When you reach the line containing "Jandarmii montani de" in the data below, begin returning lines exactly as written, and stop once the line containing "Desabamento de prédio" has been returned.

#### [Brief descriptive captions]
-*-

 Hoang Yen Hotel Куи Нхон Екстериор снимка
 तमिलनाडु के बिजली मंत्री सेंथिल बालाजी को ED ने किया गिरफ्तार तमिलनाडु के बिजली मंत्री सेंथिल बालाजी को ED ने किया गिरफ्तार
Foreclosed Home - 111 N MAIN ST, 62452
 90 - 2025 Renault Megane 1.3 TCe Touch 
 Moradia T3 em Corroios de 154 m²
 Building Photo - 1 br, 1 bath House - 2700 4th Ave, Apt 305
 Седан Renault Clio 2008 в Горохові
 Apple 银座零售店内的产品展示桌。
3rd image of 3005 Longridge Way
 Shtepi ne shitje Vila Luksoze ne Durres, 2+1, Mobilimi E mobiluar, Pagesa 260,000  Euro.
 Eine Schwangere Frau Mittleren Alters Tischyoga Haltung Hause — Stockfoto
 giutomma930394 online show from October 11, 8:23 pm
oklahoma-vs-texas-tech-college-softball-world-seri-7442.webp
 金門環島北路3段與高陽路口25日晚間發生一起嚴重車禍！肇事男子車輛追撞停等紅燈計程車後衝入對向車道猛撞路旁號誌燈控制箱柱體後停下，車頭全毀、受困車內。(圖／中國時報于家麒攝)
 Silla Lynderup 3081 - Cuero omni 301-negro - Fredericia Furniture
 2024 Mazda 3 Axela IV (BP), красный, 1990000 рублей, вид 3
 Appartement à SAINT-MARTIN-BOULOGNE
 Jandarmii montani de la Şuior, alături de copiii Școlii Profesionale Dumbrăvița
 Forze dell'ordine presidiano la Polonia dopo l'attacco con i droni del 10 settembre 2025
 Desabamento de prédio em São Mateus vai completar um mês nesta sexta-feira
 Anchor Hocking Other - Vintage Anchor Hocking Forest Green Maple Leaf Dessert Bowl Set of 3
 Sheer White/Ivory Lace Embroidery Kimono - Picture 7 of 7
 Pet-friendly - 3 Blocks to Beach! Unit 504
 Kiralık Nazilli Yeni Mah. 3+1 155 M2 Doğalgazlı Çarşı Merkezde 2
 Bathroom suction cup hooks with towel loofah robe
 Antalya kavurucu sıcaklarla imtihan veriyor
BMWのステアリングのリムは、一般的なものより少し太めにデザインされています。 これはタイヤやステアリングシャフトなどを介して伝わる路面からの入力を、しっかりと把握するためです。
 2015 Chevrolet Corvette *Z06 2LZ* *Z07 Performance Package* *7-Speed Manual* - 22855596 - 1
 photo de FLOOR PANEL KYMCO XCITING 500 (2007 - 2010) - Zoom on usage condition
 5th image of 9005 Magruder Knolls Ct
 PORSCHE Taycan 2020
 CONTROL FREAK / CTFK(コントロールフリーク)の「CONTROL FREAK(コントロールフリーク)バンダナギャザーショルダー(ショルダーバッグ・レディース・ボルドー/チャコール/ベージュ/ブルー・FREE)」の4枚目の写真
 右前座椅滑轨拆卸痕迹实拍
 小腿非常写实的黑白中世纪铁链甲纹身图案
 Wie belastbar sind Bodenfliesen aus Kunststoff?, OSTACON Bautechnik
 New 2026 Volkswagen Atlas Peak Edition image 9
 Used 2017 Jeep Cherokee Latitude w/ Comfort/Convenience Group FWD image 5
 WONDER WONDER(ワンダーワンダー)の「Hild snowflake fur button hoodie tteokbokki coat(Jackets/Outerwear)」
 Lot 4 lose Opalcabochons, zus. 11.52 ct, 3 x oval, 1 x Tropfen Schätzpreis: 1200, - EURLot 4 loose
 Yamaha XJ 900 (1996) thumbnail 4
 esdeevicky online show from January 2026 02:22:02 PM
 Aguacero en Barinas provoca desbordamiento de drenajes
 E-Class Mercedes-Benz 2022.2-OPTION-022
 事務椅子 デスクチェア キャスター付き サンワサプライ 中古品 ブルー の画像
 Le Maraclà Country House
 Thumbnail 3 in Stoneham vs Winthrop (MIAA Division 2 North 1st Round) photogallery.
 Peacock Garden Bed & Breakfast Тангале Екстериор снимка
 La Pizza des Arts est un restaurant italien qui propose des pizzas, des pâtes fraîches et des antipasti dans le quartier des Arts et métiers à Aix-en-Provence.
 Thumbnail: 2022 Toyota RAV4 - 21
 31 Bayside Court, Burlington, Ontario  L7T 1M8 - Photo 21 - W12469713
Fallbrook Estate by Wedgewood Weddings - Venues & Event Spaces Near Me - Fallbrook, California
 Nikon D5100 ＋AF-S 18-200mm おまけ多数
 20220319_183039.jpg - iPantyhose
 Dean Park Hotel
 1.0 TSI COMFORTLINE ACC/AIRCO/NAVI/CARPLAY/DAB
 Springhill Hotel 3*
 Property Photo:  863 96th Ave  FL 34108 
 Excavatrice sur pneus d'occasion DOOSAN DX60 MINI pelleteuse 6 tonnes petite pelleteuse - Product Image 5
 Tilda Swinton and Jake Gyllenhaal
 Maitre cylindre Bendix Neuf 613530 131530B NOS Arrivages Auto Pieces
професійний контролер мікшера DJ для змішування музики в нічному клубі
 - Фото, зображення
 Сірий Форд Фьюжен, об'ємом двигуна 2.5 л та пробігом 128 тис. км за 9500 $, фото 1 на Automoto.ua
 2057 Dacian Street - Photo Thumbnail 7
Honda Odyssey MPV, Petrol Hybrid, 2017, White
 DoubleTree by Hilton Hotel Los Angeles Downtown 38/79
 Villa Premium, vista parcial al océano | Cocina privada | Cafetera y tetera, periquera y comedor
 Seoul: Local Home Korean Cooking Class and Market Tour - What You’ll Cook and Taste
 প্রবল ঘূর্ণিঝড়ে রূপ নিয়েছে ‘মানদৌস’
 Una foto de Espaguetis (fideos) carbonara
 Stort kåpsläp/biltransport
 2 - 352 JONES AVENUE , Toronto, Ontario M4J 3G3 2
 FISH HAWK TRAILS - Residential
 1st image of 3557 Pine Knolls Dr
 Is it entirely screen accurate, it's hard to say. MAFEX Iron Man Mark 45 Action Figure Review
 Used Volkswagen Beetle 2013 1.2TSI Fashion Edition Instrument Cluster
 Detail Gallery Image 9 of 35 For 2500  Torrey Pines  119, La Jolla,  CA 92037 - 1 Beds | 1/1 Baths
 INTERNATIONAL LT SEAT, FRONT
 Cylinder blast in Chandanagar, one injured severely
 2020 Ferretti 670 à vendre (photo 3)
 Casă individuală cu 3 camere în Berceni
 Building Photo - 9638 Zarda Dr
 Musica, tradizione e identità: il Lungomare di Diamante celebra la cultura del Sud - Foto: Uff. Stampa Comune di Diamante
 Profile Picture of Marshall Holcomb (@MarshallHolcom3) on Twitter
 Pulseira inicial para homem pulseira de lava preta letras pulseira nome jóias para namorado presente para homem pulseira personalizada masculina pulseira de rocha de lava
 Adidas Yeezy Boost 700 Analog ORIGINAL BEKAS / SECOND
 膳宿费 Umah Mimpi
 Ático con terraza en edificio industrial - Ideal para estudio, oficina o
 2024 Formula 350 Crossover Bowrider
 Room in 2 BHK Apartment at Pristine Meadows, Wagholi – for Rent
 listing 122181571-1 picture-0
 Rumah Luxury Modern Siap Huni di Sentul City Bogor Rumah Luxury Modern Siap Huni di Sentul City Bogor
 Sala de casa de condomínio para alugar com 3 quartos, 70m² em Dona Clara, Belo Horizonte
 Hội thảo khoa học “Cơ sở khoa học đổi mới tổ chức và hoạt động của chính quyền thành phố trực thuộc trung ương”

-*-

#### [ANSWER FOR THE TASK]
 Jandarmii montani de la Şuior, alături de copiii Școlii Profesionale Dumbrăvița
 Forze dell'ordine presidiano la Polonia dopo l'attacco con i droni del 10 settembre 2025
 Desabamento de prédio em São Mateus vai completar um mês nesta sexta-feira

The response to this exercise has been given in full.